Abstract
Despite advances in basic and clinical research, metastasis remains the leading cause of death in breast cancer patients. Genetic abnormalities in mitochondria, including mutations affecting complex I and oxidative phosphorylation, are found in breast cancers and might facilitate metastasis. Genes encoding complex I components have significant breast cancer prognostic value. In this study, we used quantitative proteomic analyses to compare a highly metastatic cancer cell line and a parental breast cancer cell line; and observed that NDUFB9, an accessory subunit of the mitochondrial membrane respiratory chain NADH dehydrogenase (complex I), was down-regulated in highly metastatic breast cancer cells. Furthermore, we demonstrated that loss of NDUFB9 promotes MDA-MB-231 cells proliferation, migration, and invasion because of elevated levels of mtROS, disturbance of the NAD+/NADH balance, and depletion of mtDNA. We also showed that, the Akt/mTOR/p70S6K signaling pathway and EMT might be involved in this mechanism. Thus, our findings contribute novel data to support the hypothesis that misregulation of mitochondrial complex I NADH dehydrogenase activity can profoundly enhance the aggressiveness of human breast cancer cells, suggesting that complex I deficiency is a potential and important biomarker for further basic research or clinical application.
Highlights
Despite great achievements in clinical therapy, metastasis is still the leading cause of death in breast cancer patients. [1] A more comprehensive understanding of the cellular and molecular mechanisms that drive metastasis is vital for the development of more effective therapies
Using online “Kaplan Meier plotter” (KM plotter) database, in which updated gene expression data and survival information are supported for a total of 4142 breast cancer patients, we found that the majority of other subunits (NDUFB1-8/11) of the Nicotinamide Adenine Dinucleotide Hydrogen (NADH) dehydrogenase family had significant prognostic value (DMFS) for breast cancer patients [17] (S1 Fig and Table C in S1 File)
Using the iTRAQ labeling method in our model system, we found that NADH dehydrogenase beta sub-complex (NDUFB9) expression was slightly suppressed in MDA-MB-231HM cells compared to MDA-MB-231 cells (Fig 1A– 1D)
Summary
Despite great achievements in clinical therapy, metastasis is still the leading cause of death in breast cancer patients. [1] A more comprehensive understanding of the cellular and molecular mechanisms that drive metastasis is vital for the development of more effective therapies. [1] A more comprehensive understanding of the cellular and molecular mechanisms that drive metastasis is vital for the development of more effective therapies.
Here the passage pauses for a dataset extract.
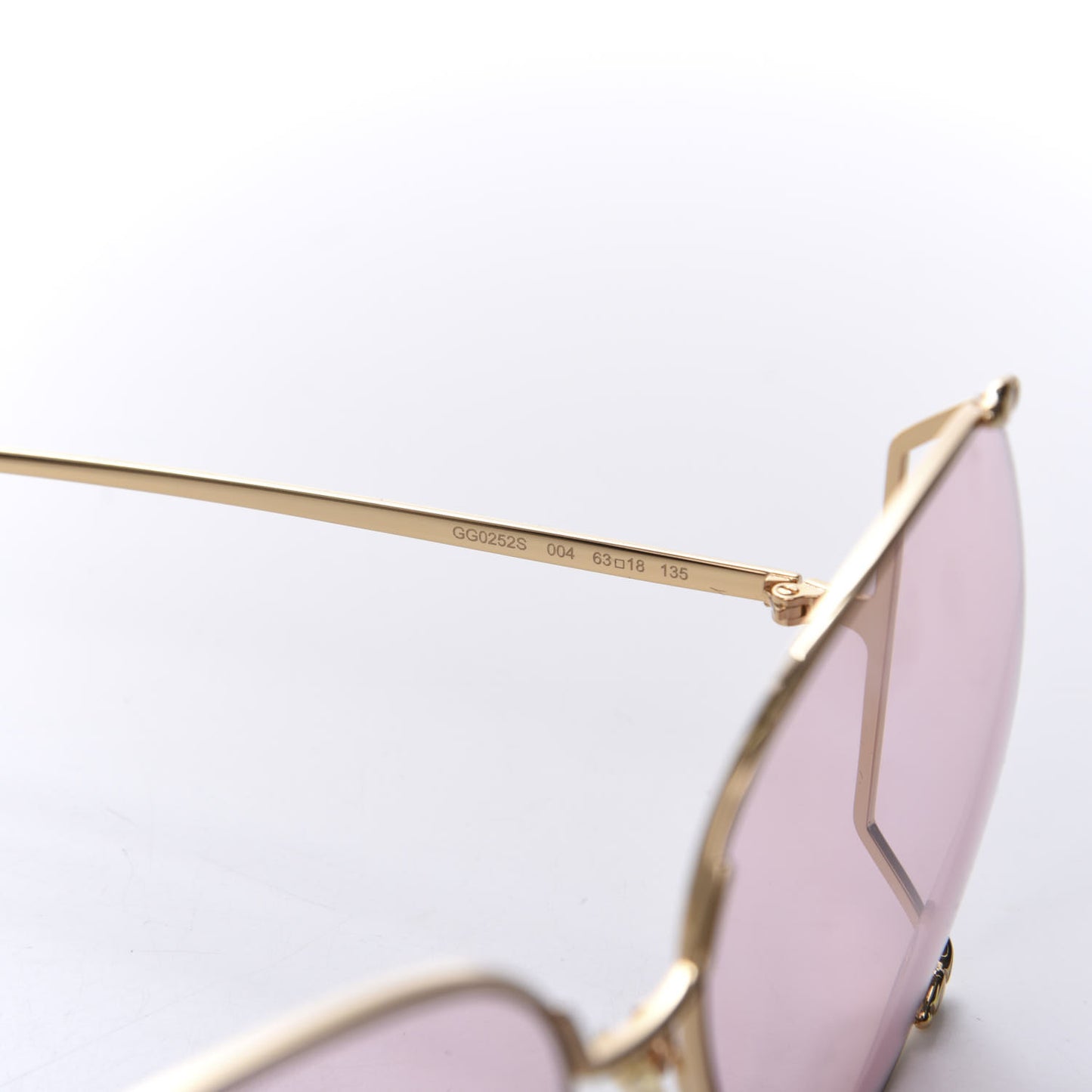 Metal Oversized Round Sunglasses GG0252S Gold Pink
LeBleu demonstrated that circulating cancer cells (CTCs) exhibit enhanced mitochondria biogenesis and respiration.[3] Other studies have shown that CTCs can be protected by aerobic glycolysis.[4] playing a dual role in tumors, reactive oxygen species (ROS) are produced mainly by mitochondria, [5] and contributes to malignancy by participating in molecular and cellular events involving cytoskeletal rearrangements, regulation of signaling pathways and transcriptional activities that favor cell migration, invasion and antiapoptosis.[6] In addition to mitochondrial DNA (mtDNA) mutations resulting from ROS that can lead to the progression of cancer, [7] altered mitochondrial DNA content is correlated with malignant potential in various cancers.[8]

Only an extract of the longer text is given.